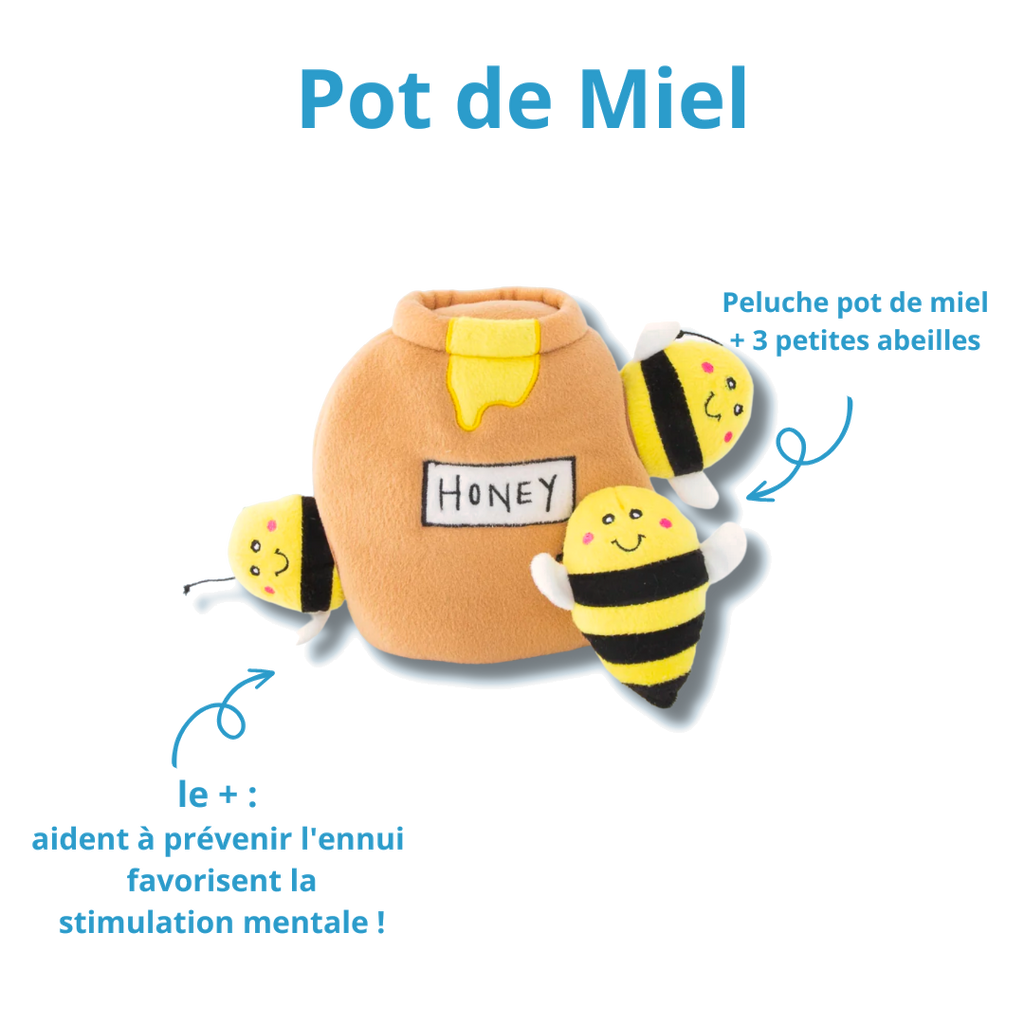 Pot de miel et trois abeilles à cacher pour occuper le chien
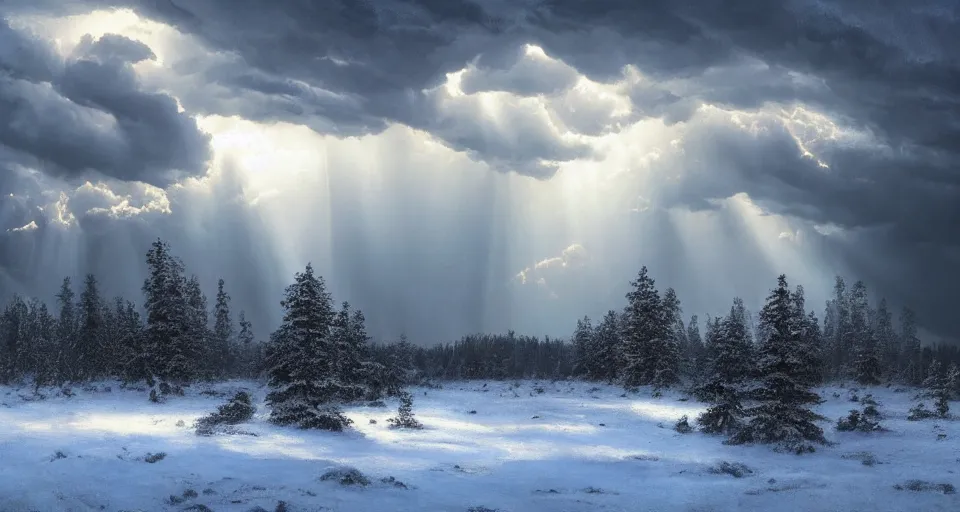 Prompt: heaven!! clouds!! god rays, snowy, windy, by eugene von guerard, ivan shishkin, night, lightning!!, storm!, dramatic lighting, concept art, trending on artstation, 8 k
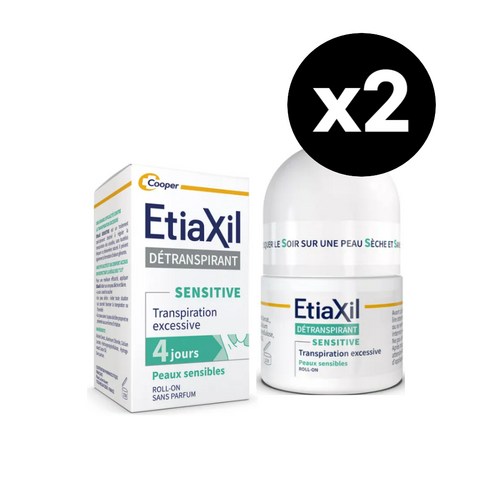 Etiaxil 센서티브 데오드란트 스틱형 롤온 15ml x2 겨드랑이 땀 발한억제제 센시티브 에티악실 - 롤온타입 | 쿠팡
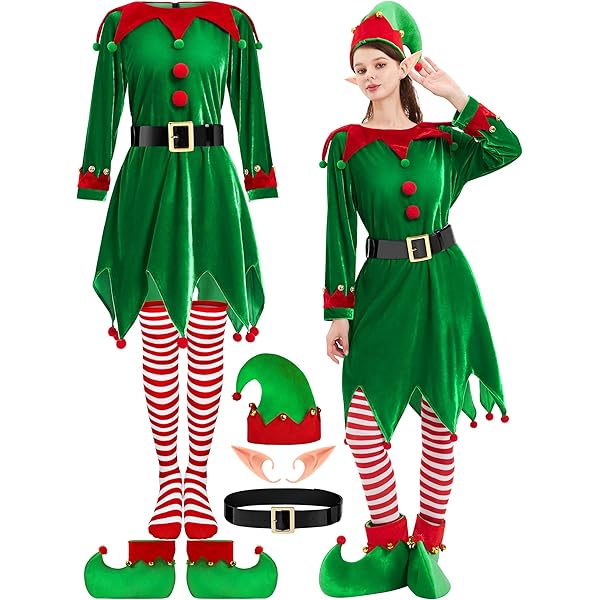 Disfraz De Elfo De Navidad Para Niño – Conjunto De 5 Piezas Con Top, Pantalón, Cinturón, Botas Y Gorro, Regalo Para Fiestas Y Actividades Escolares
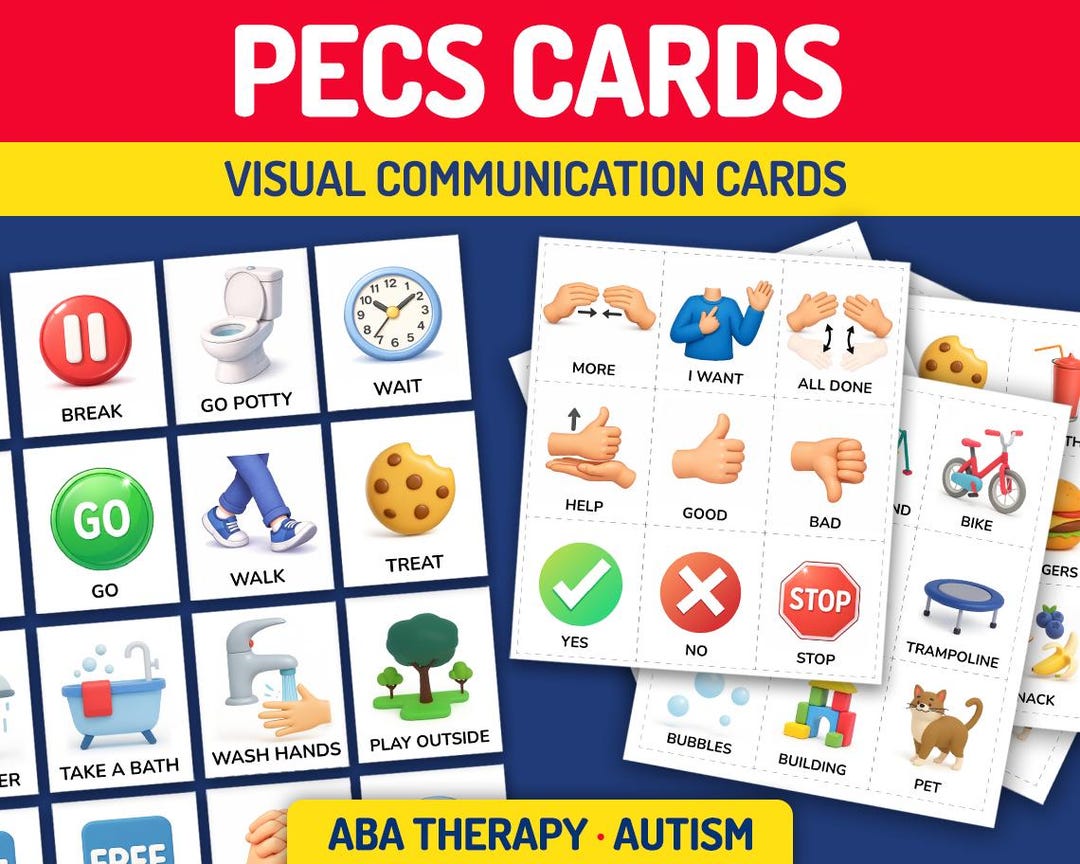 PECS Cards Pack, Printable Visual Communication Cards for ABA Therapy ...
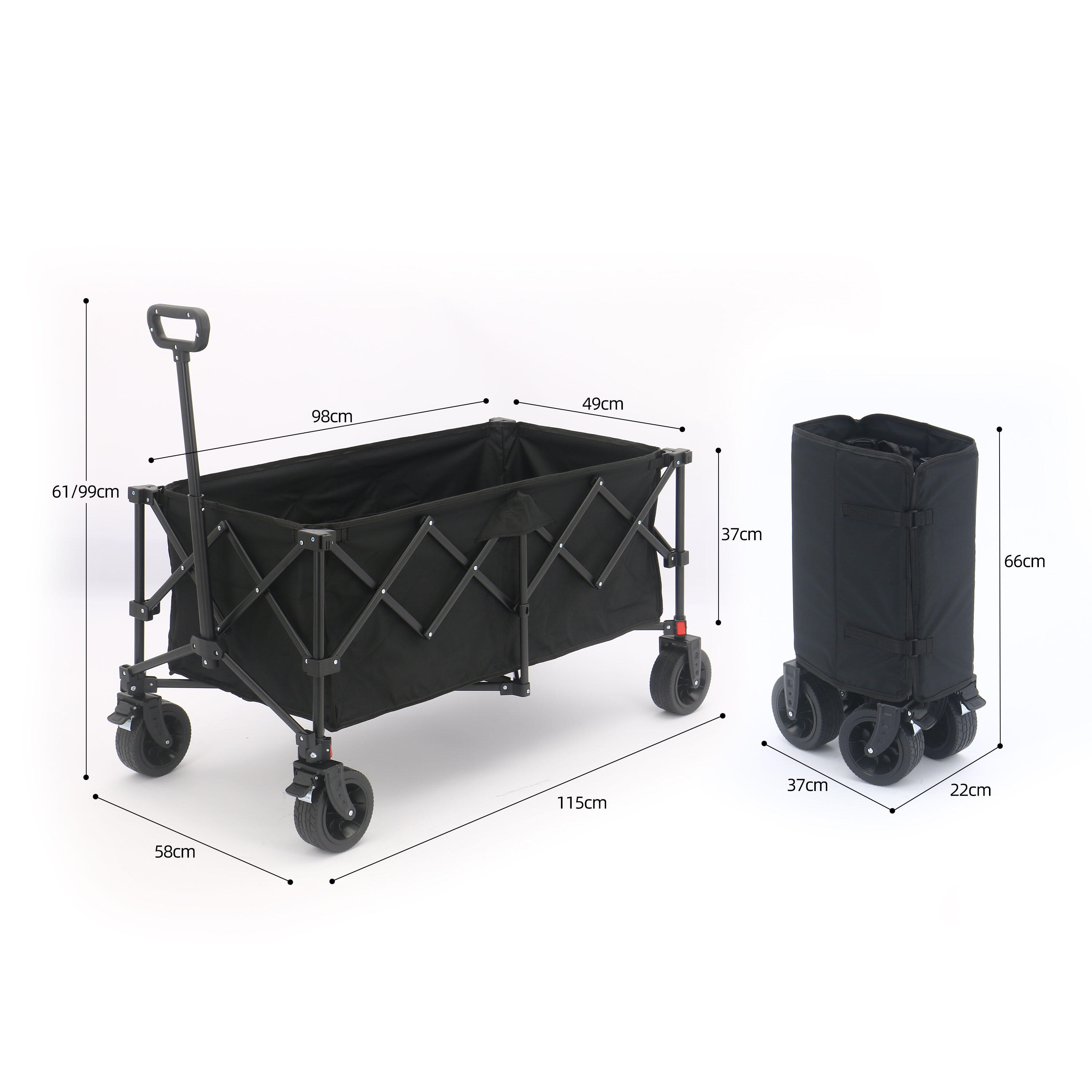 Carro de playa - AXI SB141 - Plegable - Negro | Capacidad: 180 l 4/7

■ ■ ■ ■ ■ ■ ■

**PROBLEM STATEMENT:** Please give a word-for-word transcript of the lines from the one holding "PECS Cards Pack, Printable" through the final line of the entries, both ends kept, with no pictures.

**SOLUTION FOR THIS TASK:**
 PECS Cards Pack, Printable Visual Communication Cards for ABA Therapy ...
 Carro de playa - AXI SB141 - Plegable - Negro | Capacidad: 180 l 4/7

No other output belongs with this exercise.